((

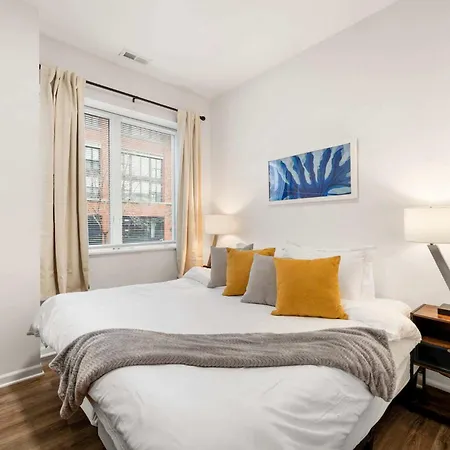 Stylish 3br Gem In Prime Location Chicago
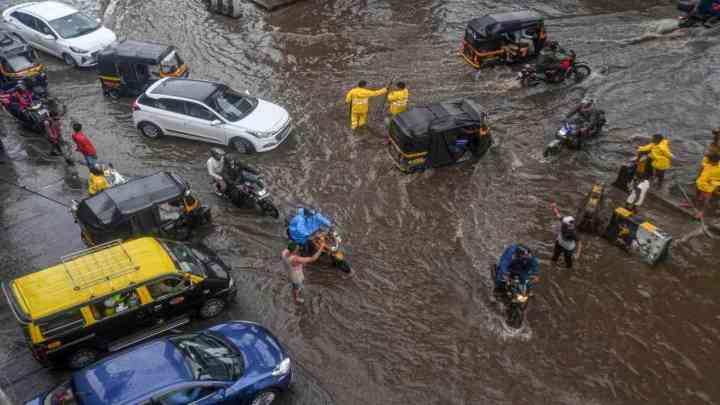 Monsoon: भारी बारिश के कारण पुणे और मुंबई में स्कूल रहेंगे बंद, IMD ने रेड अलर्ट किया जारी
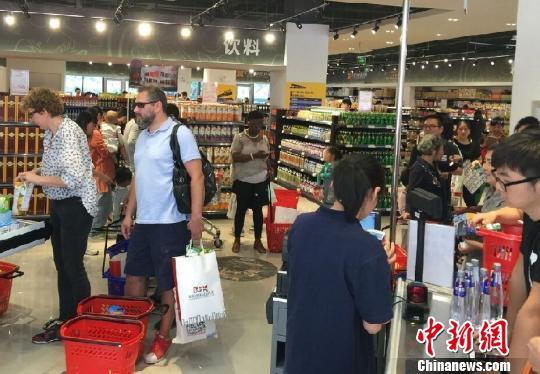 昆山跨境贸易小镇启动 全球商品轻松一站购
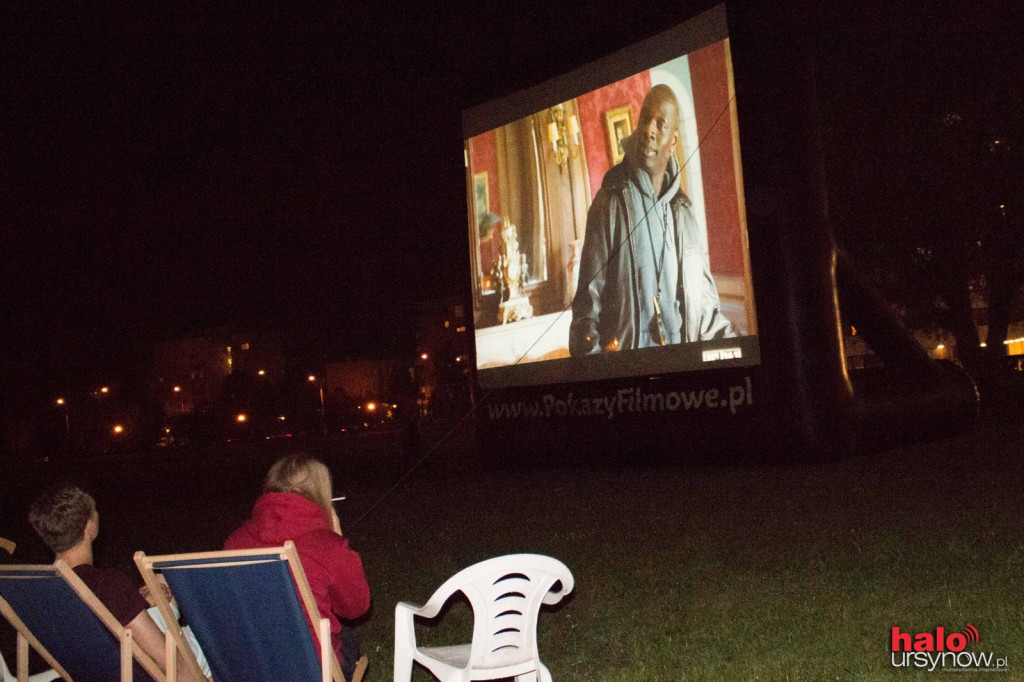 Koce, popcorn i leżaki na SGGW. Studenckie Kino Letnie
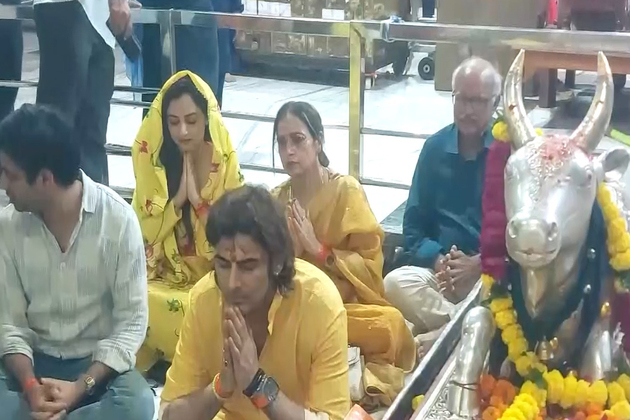 Madirakshi Mundle, Rohit Bakshi seek blessings at Mahakaleshwar Temple in Ujjain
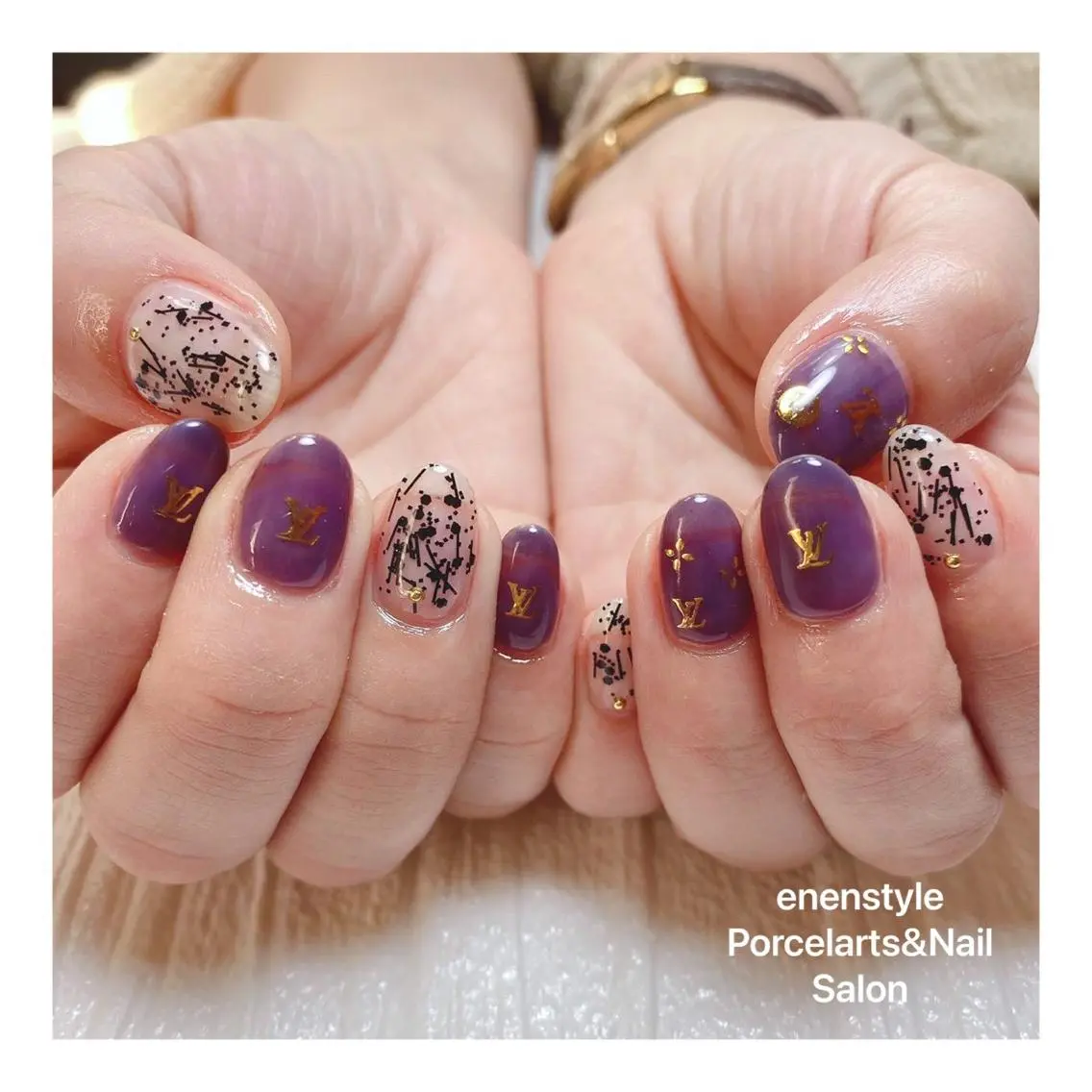ミディアム ネイル ハンドネイル 🐾enen style 🐾のネイルデザイン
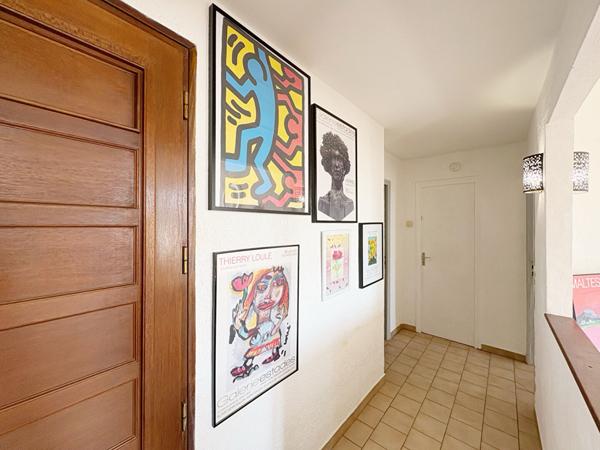 HYERES - T5 - 91 m² - Place Clemenceau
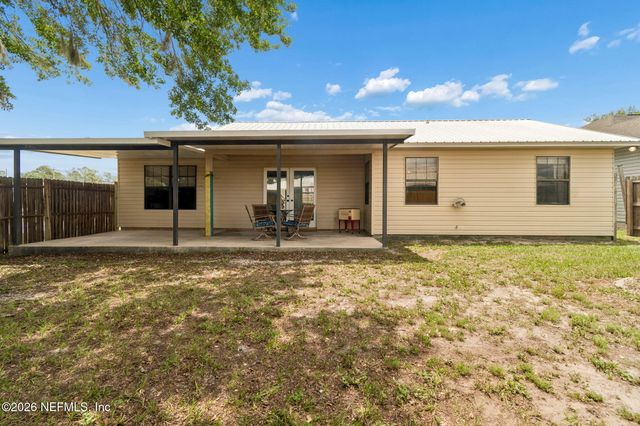 6102 W 1ST Manor, Palatka, FL 32177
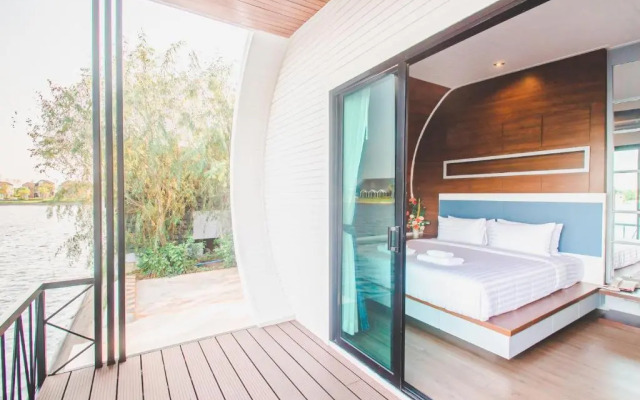 Saksiam Lakeside Resort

))

**Exercise directions**.
A picture must not appear in the copy. Transcribe exactly the lines from the one with "Koce, popcorn i" through the final line of the entries, both included, and no more.

**Exercise output**.
 Koce, popcorn i leżaki na SGGW. Studenckie Kino Letnie
 Madirakshi Mundle, Rohit Bakshi seek blessings at Mahakaleshwar Temple in Ujjain
ミディアム ネイル ハンドネイル 🐾enen style 🐾のネイルデザイン
 HYERES - T5 - 91 m² - Place Clemenceau
 6102 W 1ST Manor, Palatka, FL 32177
 Saksiam Lakeside Resort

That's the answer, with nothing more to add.